GOAL OF THE EXERCISE: The listing is to be reproduced exactly, excluding its pictures.

- Opening Delimiter -

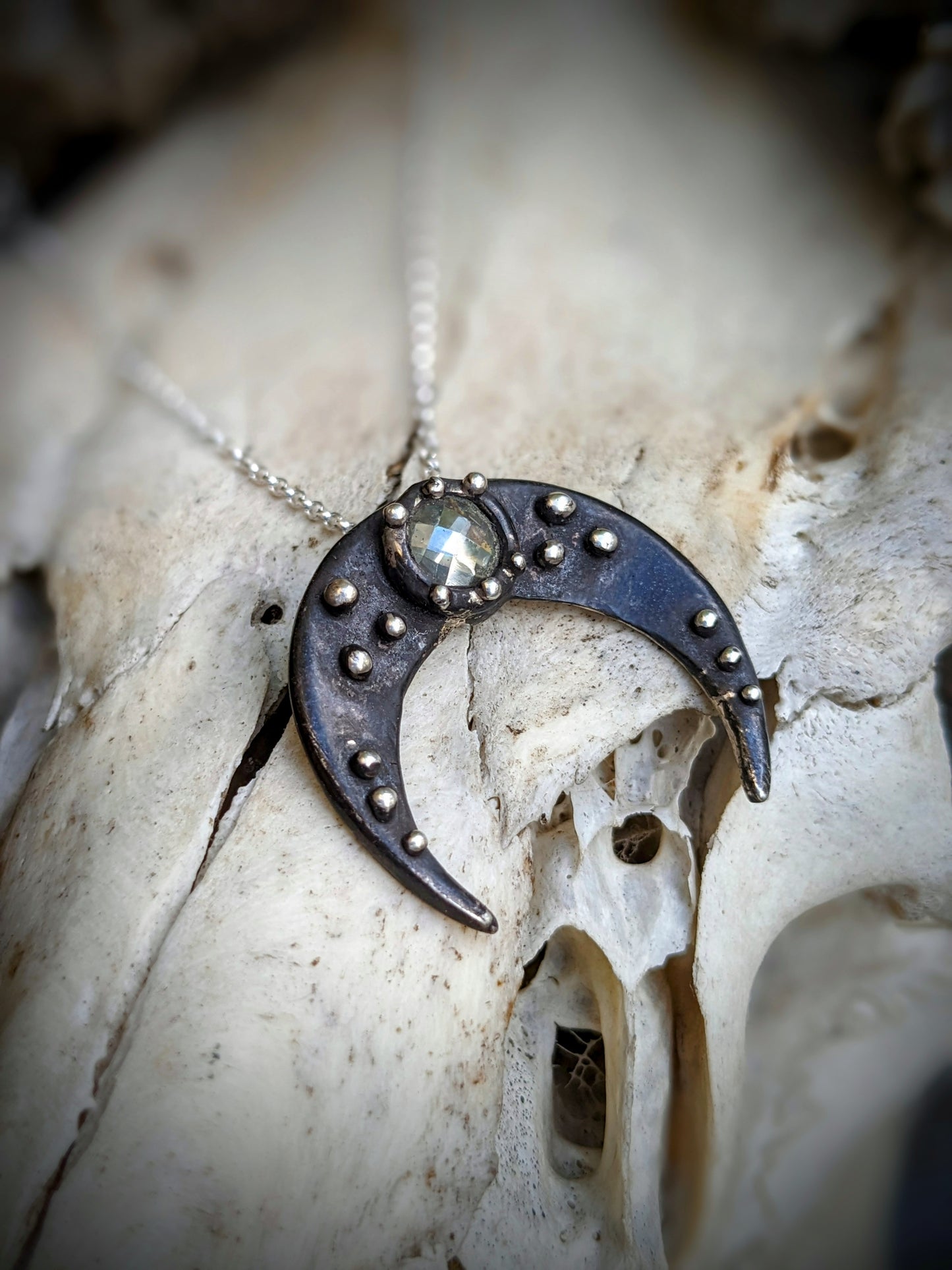 Naja Luna Necklace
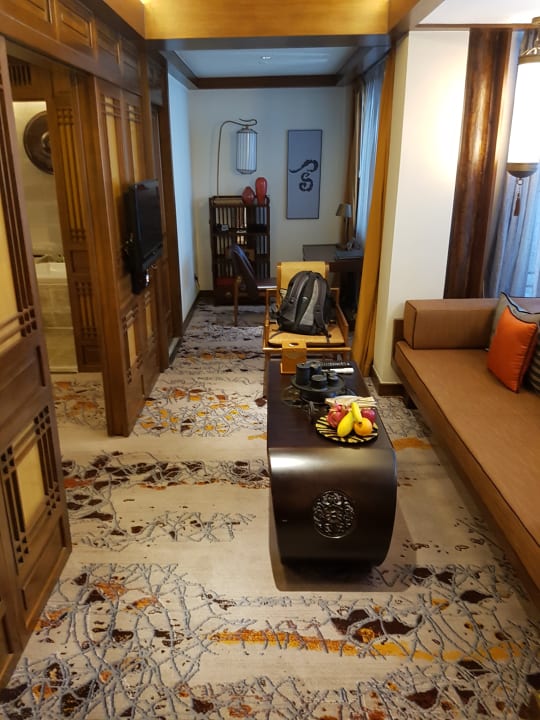 Zimmer InterContinental Lijiang Ancient Town Resort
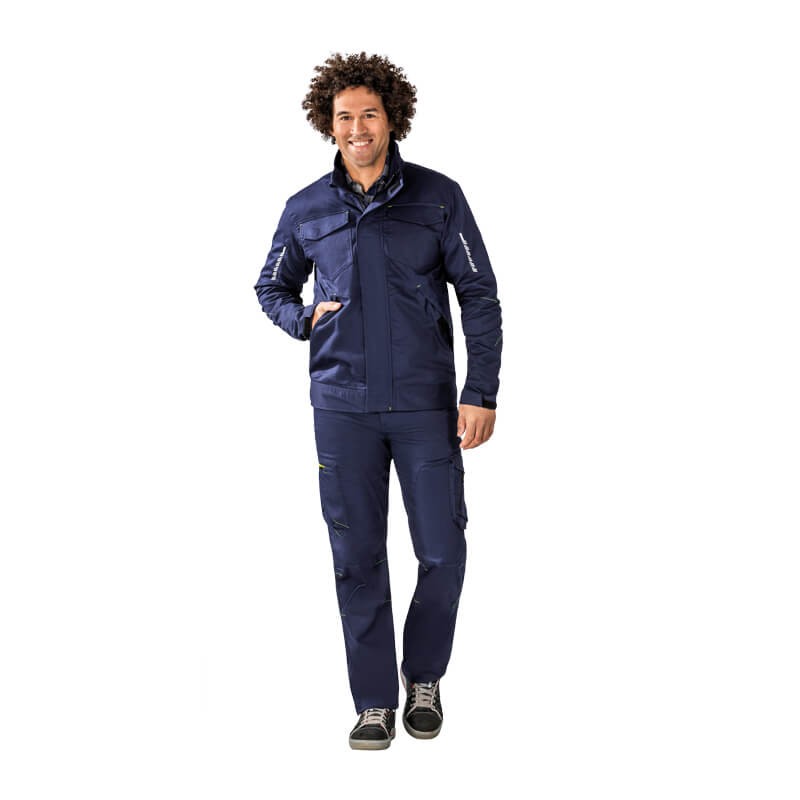 Planam StretchLine Bundjacke mit Stretch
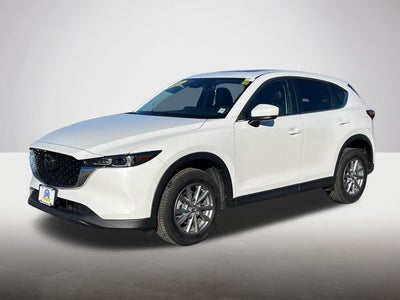2022 Mazda Mazda CX-5 2.5 S Preferred Package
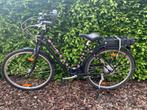 Elektriche damesfiets, 47 tot 50 cm, Versnellingen, Zo goed als nieuw, 0 zitjes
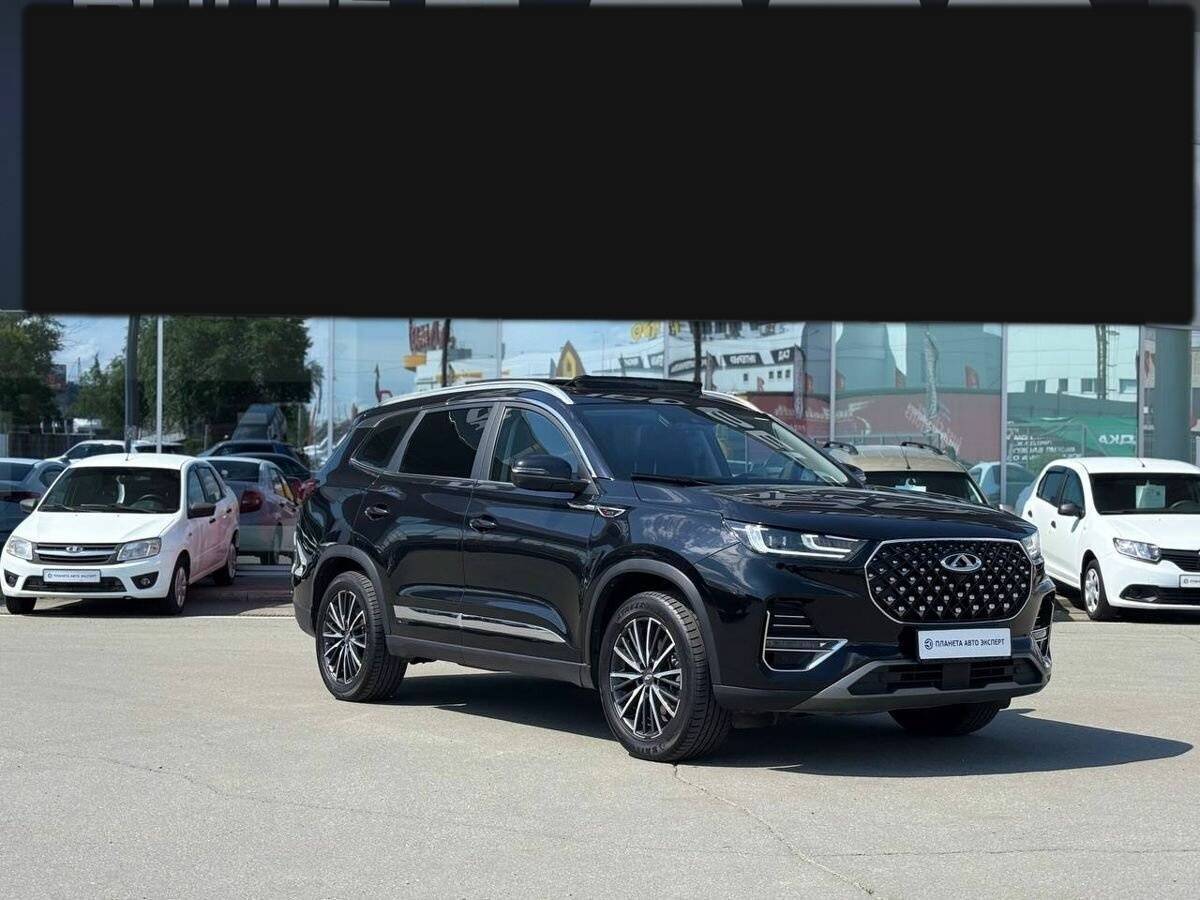 Chery Tiggo 8 Pro с пробегом — 2021 год. Посмотреть фото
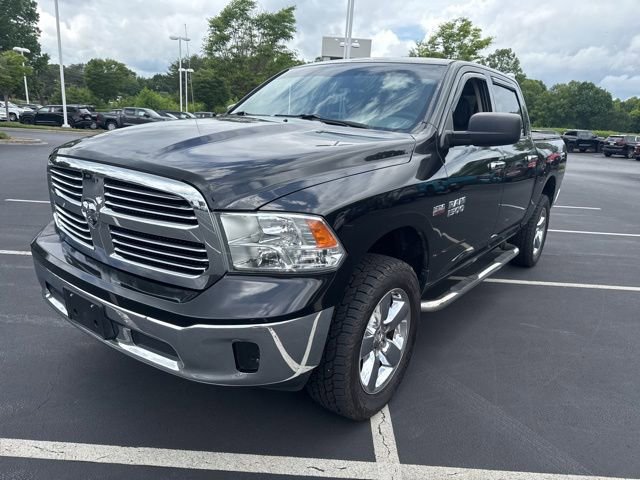 Used 2015 RAM 1500 Big Horn AWD/4WD image 9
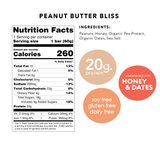 Peanut Butter Bliss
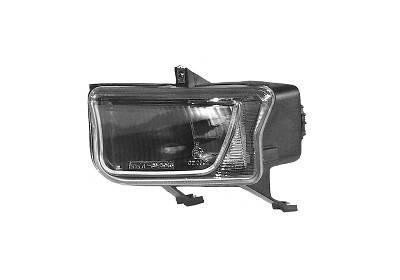 mistlamp, rechts Fiat Punto, 1993-1999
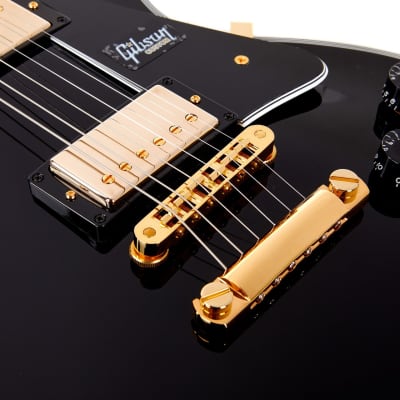 Gibson Les Paul Custom - Gloss Ebony image 10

- Closing Delimiter -

EXERCISE OUTPUT:
 Naja Luna Necklace
 Zimmer InterContinental Lijiang Ancient Town Resort
 Planam StretchLine Bundjacke mit Stretch
2022 Mazda Mazda CX-5 2.5 S Preferred Package
 Elektriche damesfiets, 47 tot 50 cm, Versnellingen, Zo goed als nieuw, 0 zitjes
 Chery Tiggo 8 Pro с пробегом — 2021 год. Посмотреть фото
 Used 2015 RAM 1500 Big Horn AWD/4WD image 9
 Peanut Butter Bliss
 mistlamp, rechts Fiat Punto, 1993-1999
 Gibson Les Paul Custom - Gloss Ebony image 10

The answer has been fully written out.